Welcome to vJoule's documentation

The environmental costs of the software and infrastructure they build and deploy are increasingly important to developers today. However, the collection of energy consumption data from machines can be time consuming and is generally hardware dependent.

vJoule is a tool that interfaces multiple sources of energy consumption and centralizes all energy readings in one place to provide a higher abstraction for developers and to help measure energy consumption. This document will give you all the information you need to have a successful start with vJoule.

vJoule is a tool developed at Davidson Consulting and inspired by other tools like PowerAPI.

Getting started

This section will help you get started with vJoule.

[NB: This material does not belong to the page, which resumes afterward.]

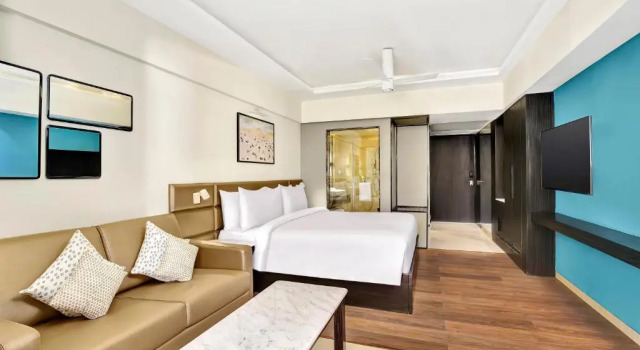 Номер Premium с балконом и с видом на бассейн Radisson Resort Goa Baga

You'll learn how vJoules works, how to install it and how to test it.

What is vJoule?

vJoule is a tool that can be used to retreive the energy consumption of a linux operated device. Technically, vJoule is built on a plugin system with two different kind of plugins :

  • core, this kind of plugin will define the behavior of vJoule and perform the information gathering from sensor plugins and the effective result computation. In this vJoule version two core plugins are implemented :
    • simple retreives the consumption acquired by sensor plugins and store them in files to be read by external programs. (%CPU, %GPU, etc.).
    • dumper retreives the consumption acquired by sensor plugins, and system usage of running processes and dump those metrics in csv files for cold analysis.
  • sensor, this kind of plugin are used to retreive system information usefull for the core plugin. There are different kind of sensor plugin, in this vJoule version three plugin types are implemented :
    • cpu plugin that retreives the energy consumption of the CPU of the system, (rapl)
    • ram plugin that retreives the energy consumption of the RAM of the system (rapl)
    • gpu plugin that retreives the energy consumption of the GPUs of the system (rapl, nvidia)
    • pdu plugin that retreives the energy consumption from a Smart PDU (yocto)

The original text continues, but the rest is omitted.